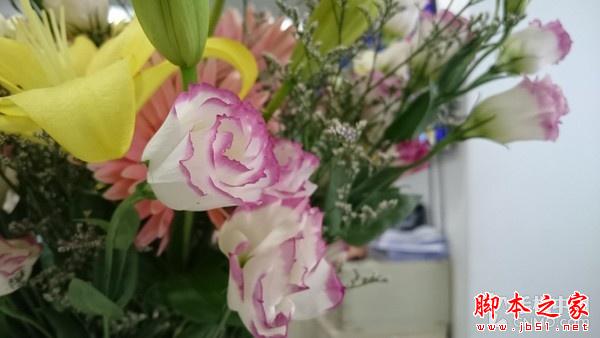 骁龙810防水旗舰 索尼Xperia Z3+评测 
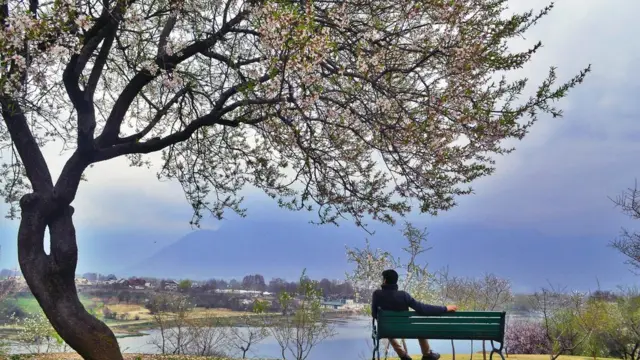 سری نگر میں موسمِ بہار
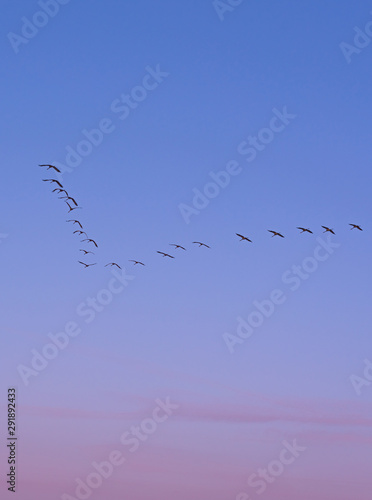 A flock of grey cranes flying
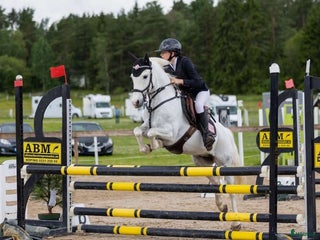 hästar Härlig ponny OBS! Nytt pris. i Filipstad - Annons 5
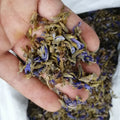 Ge Gen Hua Blue Whole Dried Pueraria Flower of Lobed Kudzuvine Flowers Bud for Sale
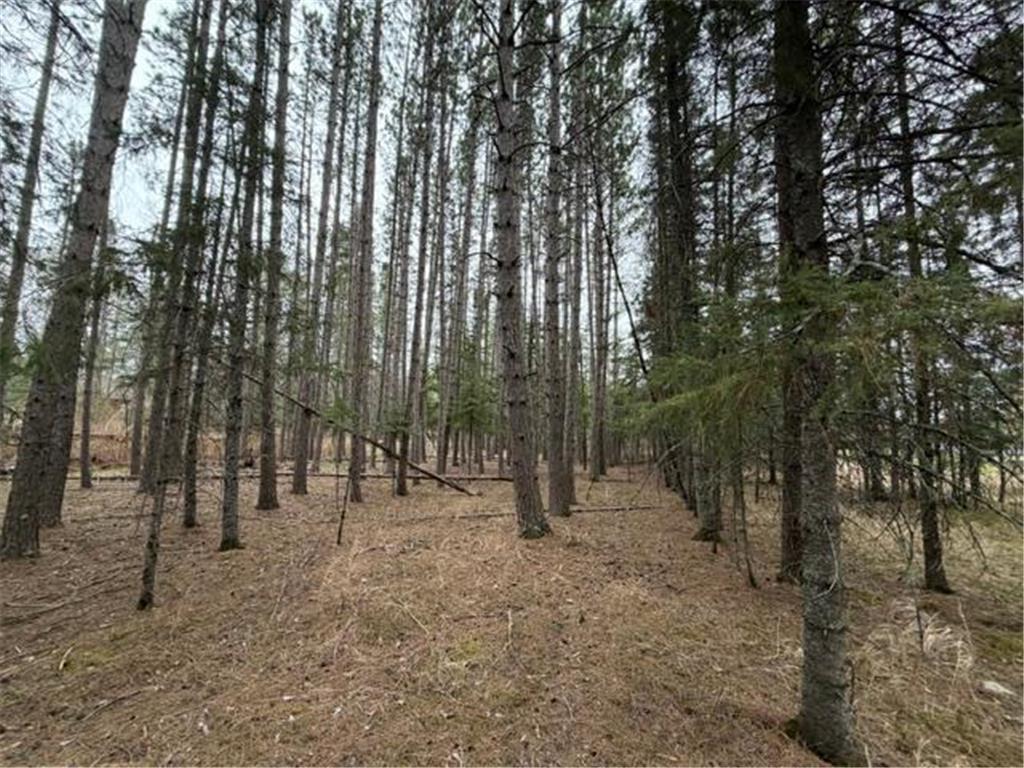 TBD 5th TBD 5th Street SE Cook MN 55723 7077173 image11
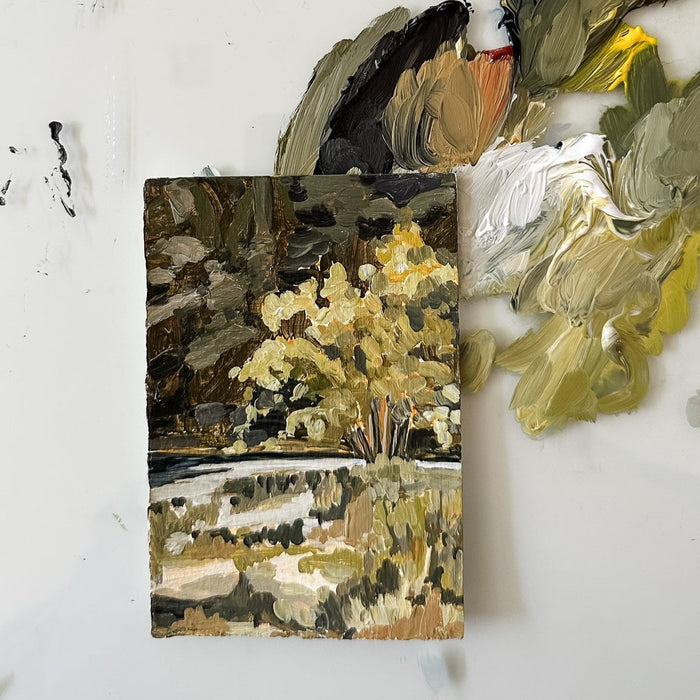 Laurie Anne Land: September 2023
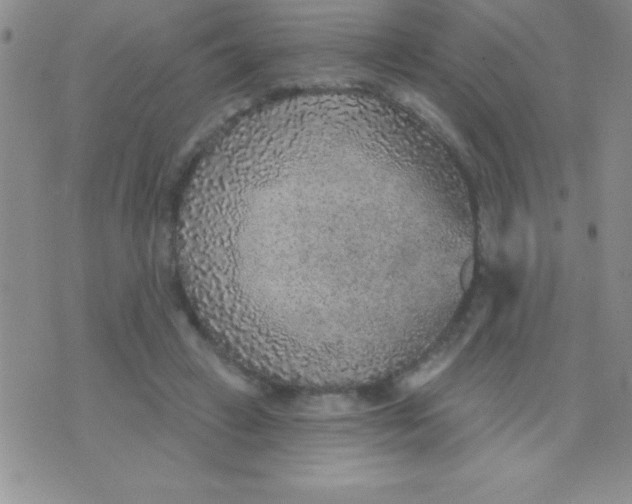 X0000071960449200607282037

════════════════

• **EXERCISE**:
Output, exactly and only: the line containing "سری نگر میں موسمِ بہار", the last line of the listing above, and every line in between. Leave the pictures out.

• **THE COMPLETED TASK**:
 سری نگر میں موسمِ بہار
 A flock of grey cranes flying
 hästar Härlig ponny OBS! Nytt pris. i Filipstad - Annons 5
 Ge Gen Hua Blue Whole Dried Pueraria Flower of Lobed Kudzuvine Flowers Bud for Sale
 TBD 5th TBD 5th Street SE Cook MN 55723 7077173 image11
 Laurie Anne Land: September 2023
 X0000071960449200607282037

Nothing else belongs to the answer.